Disclosure of Invention
The technical problem to be solved by the invention is as follows: the defects of the existing polarization beam splitter prism differential detection method are overcome, and a common mode differential detection device and method based on optical space reciprocity are provided. The device obtains two paths of signals related to the optical rotation angle by adopting a method of two beams of light correlation, eliminates the measurement error of the optical rotation angle caused by the fluctuation influence of the external environment by a difference making mode, and realizes the precise measurement of the optical rotation angle in instruments such as an atomic magnetometer, an atomic gyroscope and the like.

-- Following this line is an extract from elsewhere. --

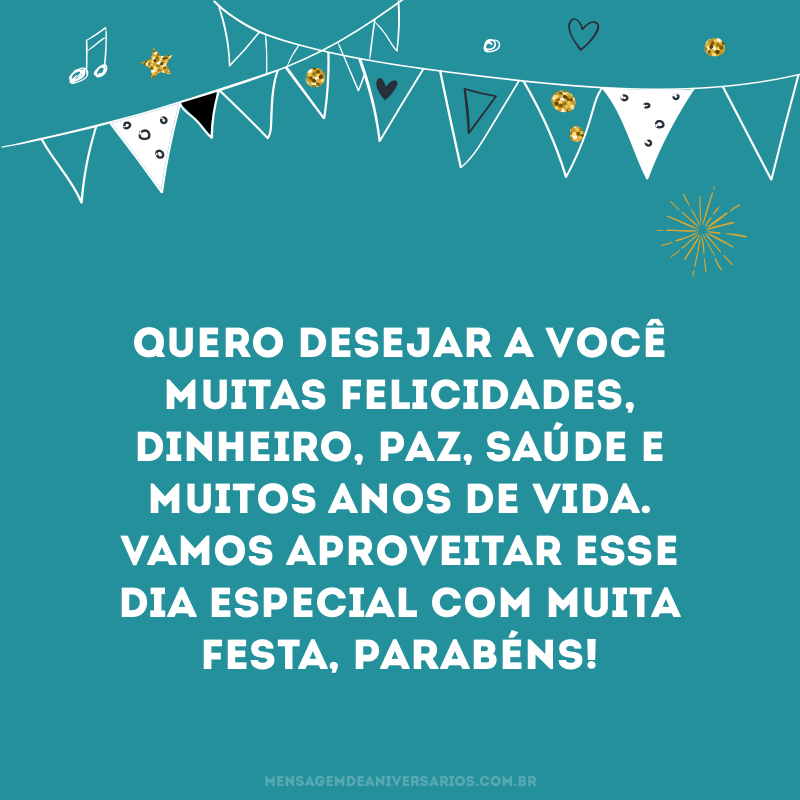 mensagens de aniversário para amiga engraçadas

The technical scheme adopted by the invention for solving the technical problems is as follows: a common mode differential detection device based on optical space reciprocity comprises a collimation detection laser source, a light power stabilization module, an optical fiber beam splitter, a first collimator, a first polarizer, a first polarization splitting prism, a sample to be detected, a three-dimensional coil, an 1/2 wave plate, a second polarization splitting prism, a second polarizer, a second collimator, a first photoelectric detector, a second photoelectric detector and a signal acquisition and processing unit; wherein, the light beam emitted by the collimation detection laser source enters the optical power stabilizing module; the light beam after power stabilization is divided into two beams of light with equal power by the optical fiber beam splitter, wherein the first beam sequentially passes through a first collimator, a first polarizer, a first polarization splitting prism, a sample to be detected, an 1/2 wave plate, a second polarization splitting prism and a second photoelectric detector; the second beam sequentially passes through a second collimator, a second polarizer, a second polarization splitting prism, an 1/2 wave plate, a sample to be detected, a first polarization splitting prism and a first photoelectric detector; the output ends of the first photoelectric detector and the second photoelectric detector are connected to the signal acquisition and processing unit.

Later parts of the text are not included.